Reframing Gaza: Iran’s multi-front war against Israel

Jun 4, 2021 | Oved Lobel

(Credit: Abed Rahim Khatib/ Shutterstock)
(Credit: Abed Rahim Khatib/ Shutterstock)

Another round of fighting between Israel and the terrorist factions in Gaza, another wave of statements from those factions and their overseers declaring that they are mere arms of Iran’s Islamic Revolutionary Guard Corps (IRGC), fighting as part of an integrated IRGC jihad from Yemen to Lebanon to Syria and Iraq. Gaza, they all openly proclaim, is simply another front in that war, a colony of Iran’s Islamic Revolution.

Yet most of what passes for analysis of the recent conflict often fails to even mention Iran and instead attempts to paint Hamas and Islamic Jihad activities as a response to particular Israeli policies and actions. The misrepresentation of the proactive, genocidal jihad against Israel’s existence as a reaction to Israeli actions is not only a rejection of chronology and the groups’ own stated goals, but an active disservice to the Palestinian cause.

To conflate the Islamic Revolution and its decades-long war to destroy Israel with legitimate Palestinian grievances is to completely undermine Palestinians who actually seek positive outcomes. Without Iran’s unrelenting jihad, there is likely no war in Gaza or even blockade, and the issue is truly as simple as that. This war, and all the skirmishes with the Gaza factions since 2006, begins and ends with Iran and its pan-Islamic crusade, not with the occupation, not with Sheikh Jarrah, not with any Israeli action beyond existing.

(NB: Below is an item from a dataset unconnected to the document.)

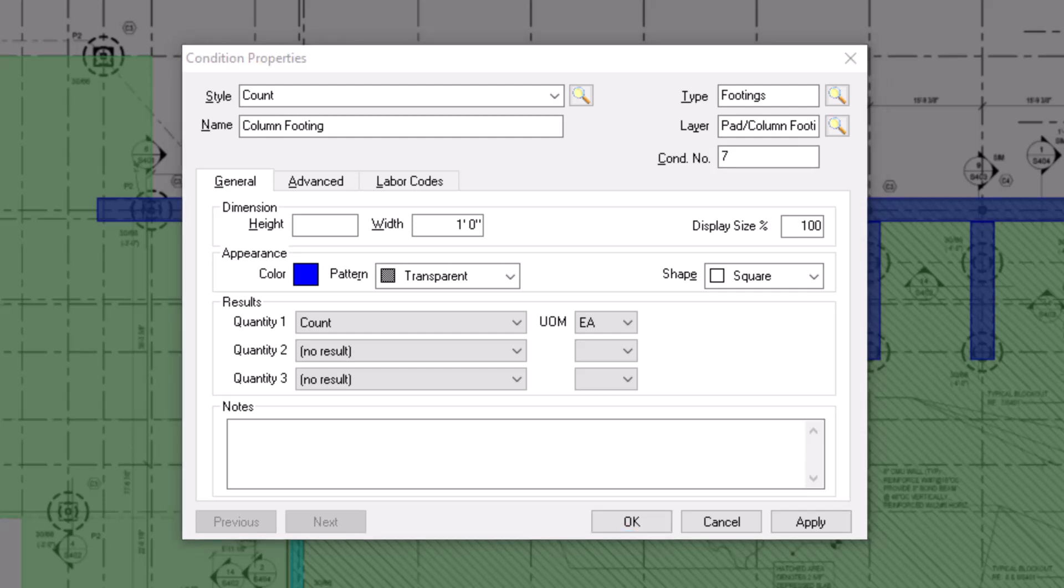Now, let's take a look at the fields located within the general tab, starting with the dimension fields. Count conditions allow you to indicate a height, a width, and depending on the shape you choose, a depth.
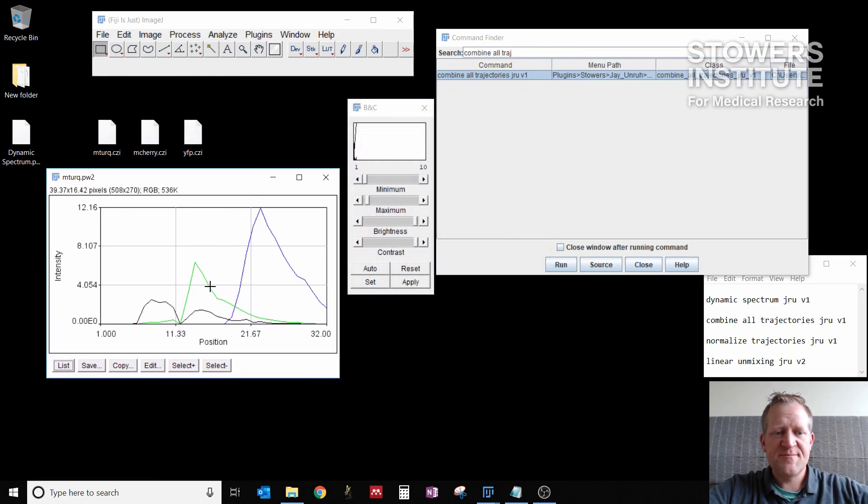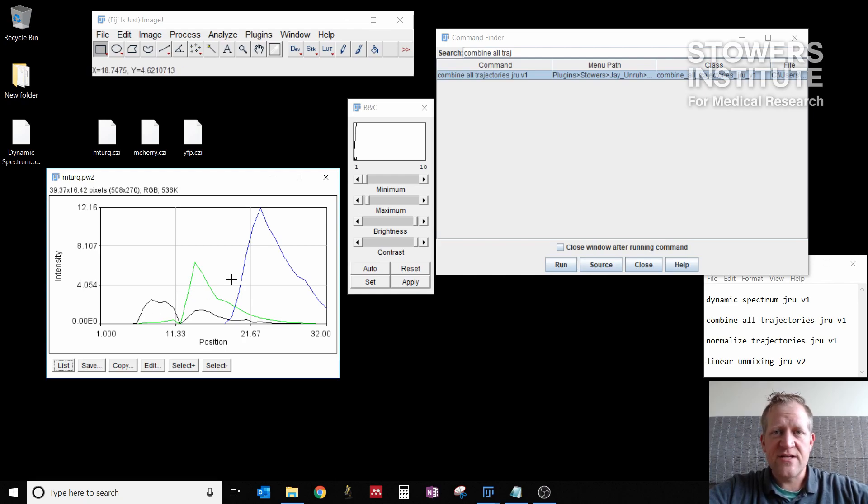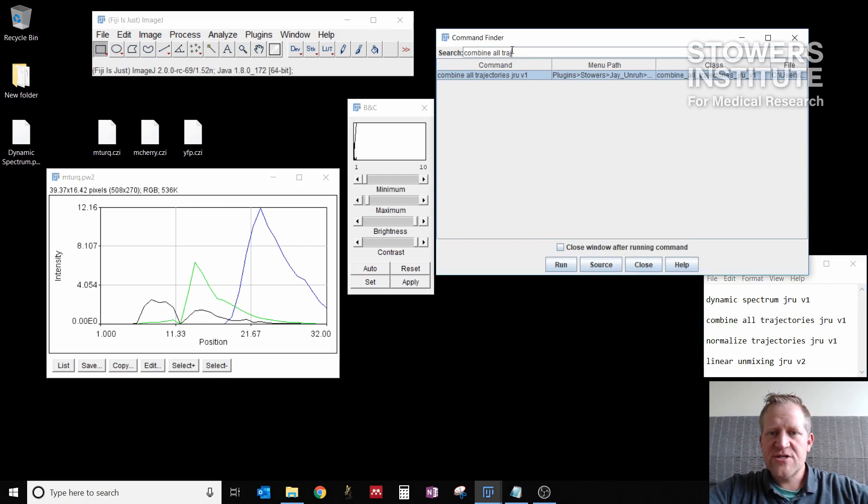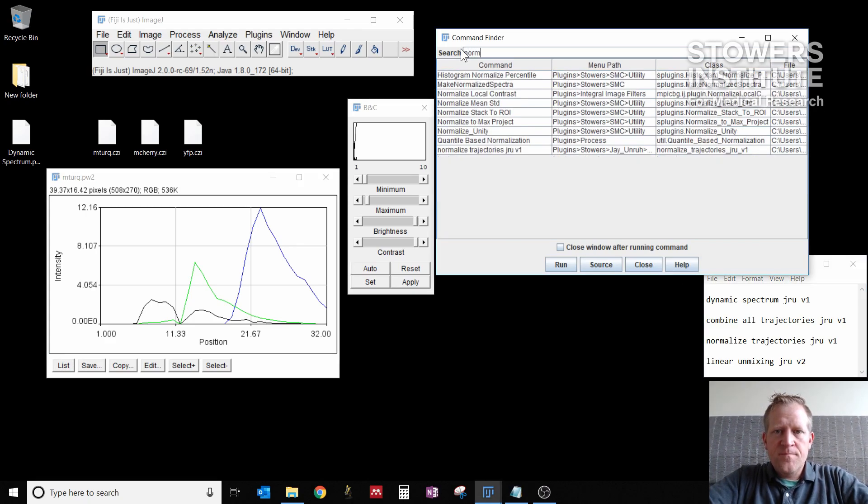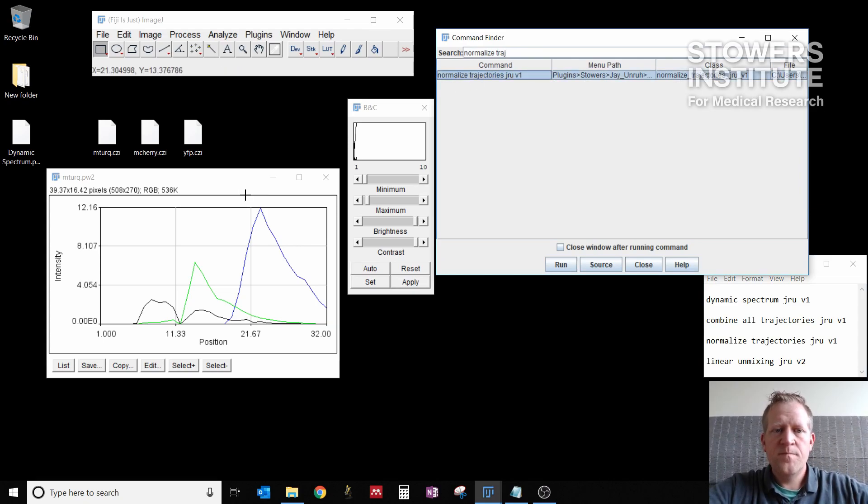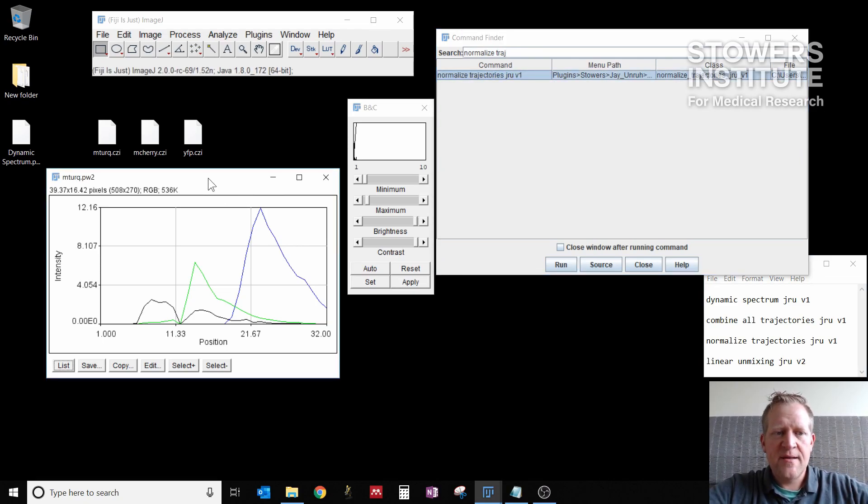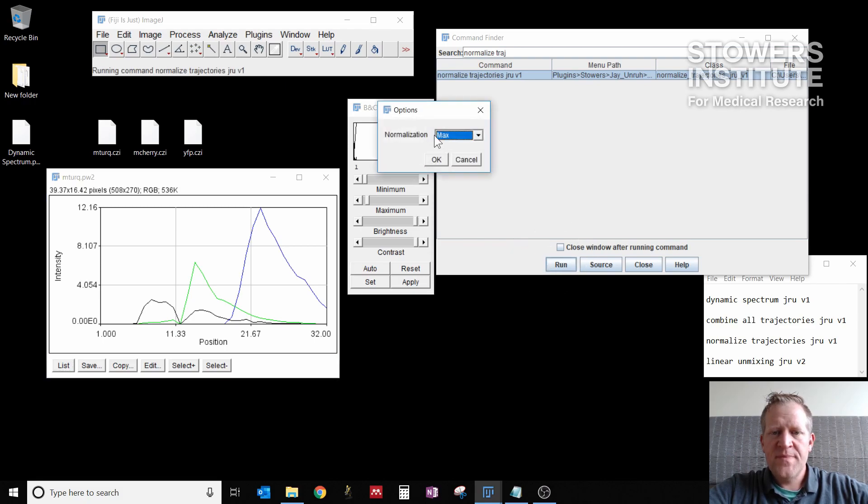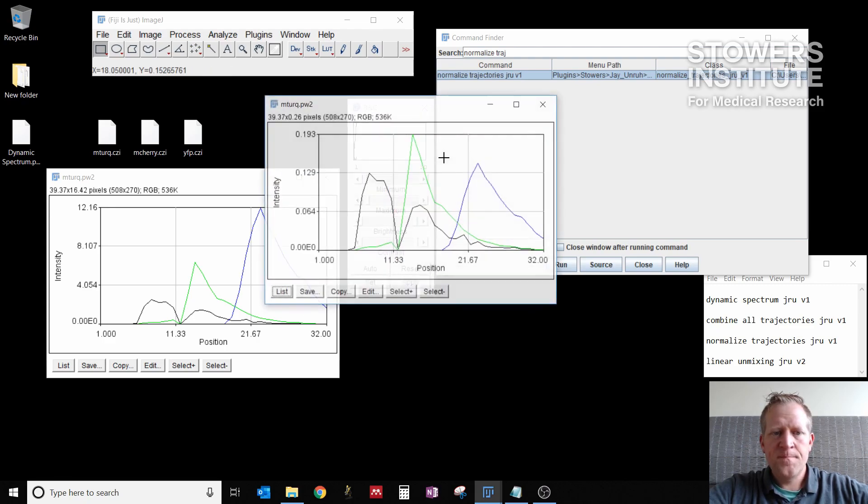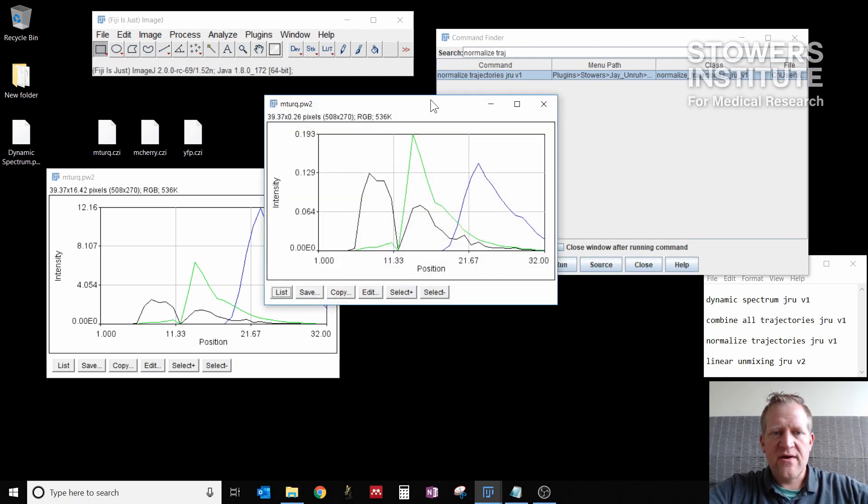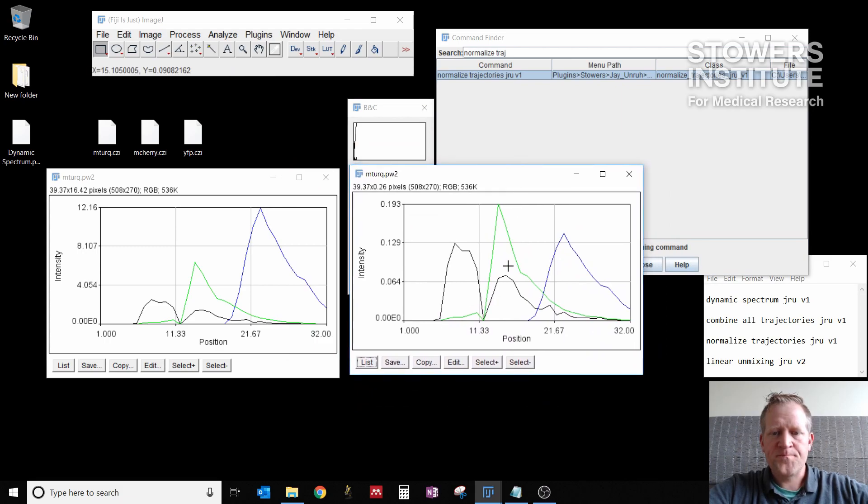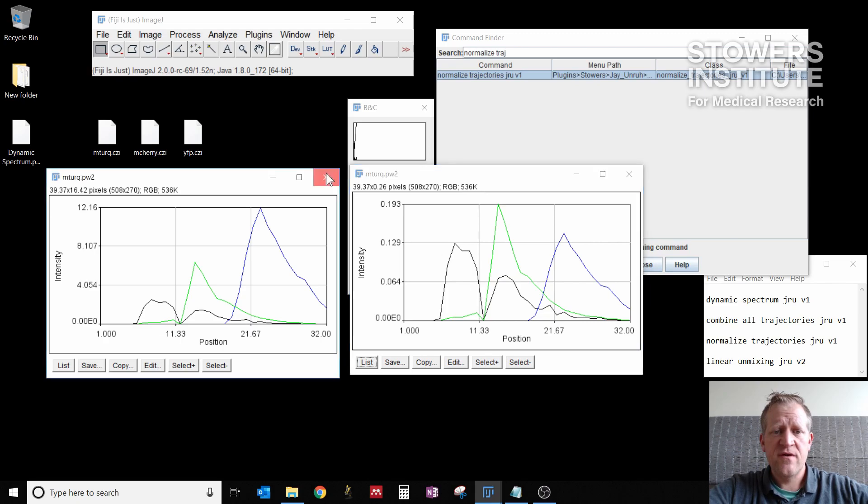That's nice, but they're on different scales due to the intensity of each image. So I want to normalize these spectra. I'm going to do normalize trajectories JRUV1. I highlight that plugin, I click on my window and I click run. I have an option here for what I can do the normalization on and we want to do integral. So I click OK. And now I have a new plot window that has all three spectra normalized to the integral under each curve.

“Our complete gratitude is extended to the Islamic Republic of Iran, which has spared us and the other Palestinian resistance factions nothing in recent years. They have provided us with money, weapons, and expertise. They have supported us in everything, with the grace of Allah. They deserve huge credit. They weren’t with us on the ground, but they were with us through those capabilities,” declared Hamas’ Gaza chief Yahya Sinwar on Al-Jazeera after the ceasefire, adding for good measure, “We support the eradication of Israel through armed Jihad and struggle. This is our doctrine.”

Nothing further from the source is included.